On August 6th, AOL Research released the raw search logs of over 650,000 AOL users from a three month period. The data was released ostensibly for research purposes, but the privacy breach in releasing the data has been the main story. While the data was "anonymized" by replacing usernames with numeric ids, it is still possible to determine the identity of a user by reviewing the terms they searched, as the New York Times demonstrated.
AOL quickly pulled the data, but not before many users had downloaded it and made it available in both the original format as well as an easy to use web interface. It's more than a little bit strange to be viewing other people's search results—some are humourous, some are sad, and not surprisingly, some are quite disturbing.
Needless to say, the fallout has been significant.

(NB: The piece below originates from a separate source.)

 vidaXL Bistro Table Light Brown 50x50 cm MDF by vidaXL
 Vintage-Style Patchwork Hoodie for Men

AOL apologized, two of the researches were fired and the CTO of AOL stepped down last week.
In the aftermath of this release, more people are realizing the risks involved in the massive amounts of data they reveal about themselves when they perform seemingly anonymous activities such as searching and browsing the Internet. Google logs your searches and your browsing history, as well as your email, your instant messaging and your photos. Google's even made rumblings that their long term goal is to store all your data. Combine this with government requests for access to search information and it's not hard to understand the concerns of privacy advocates when they speak of the risks involved in collecting this massive amount of information in one spot.

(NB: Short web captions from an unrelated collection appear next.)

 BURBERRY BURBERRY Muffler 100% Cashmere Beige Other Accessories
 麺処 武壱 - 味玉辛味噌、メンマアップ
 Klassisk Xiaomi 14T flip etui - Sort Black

John Battelle, in his book titled "The Search" coins the term "Database of Intentions" to describe these risks:
"The Database of Intentions is simply this: the aggregate results of every search ever entered, every result list ever tendered, and every path taken as a result... Taken together this information represents a real-time history of post-Web culture—a massive clickstream database of desires, needs, wants, and preferences that can be discovered, subpoenaed, archived, tracked and exploited for all sorts of ends."
So what can be done, as users, to reduce our footprints in this massive database?
There are a number of tools that can be used, including the GoogleAnon bookmarklet to anonymize your Google cookie, as well TrackMeNot, a Firefox extension that periodically issues random queries with fake data in the background.
Ultimately it's important to remember that the information we enter into search boxes is not anonymous, and not only is it being logged, it is also being transmitted unencrypted across the Internet.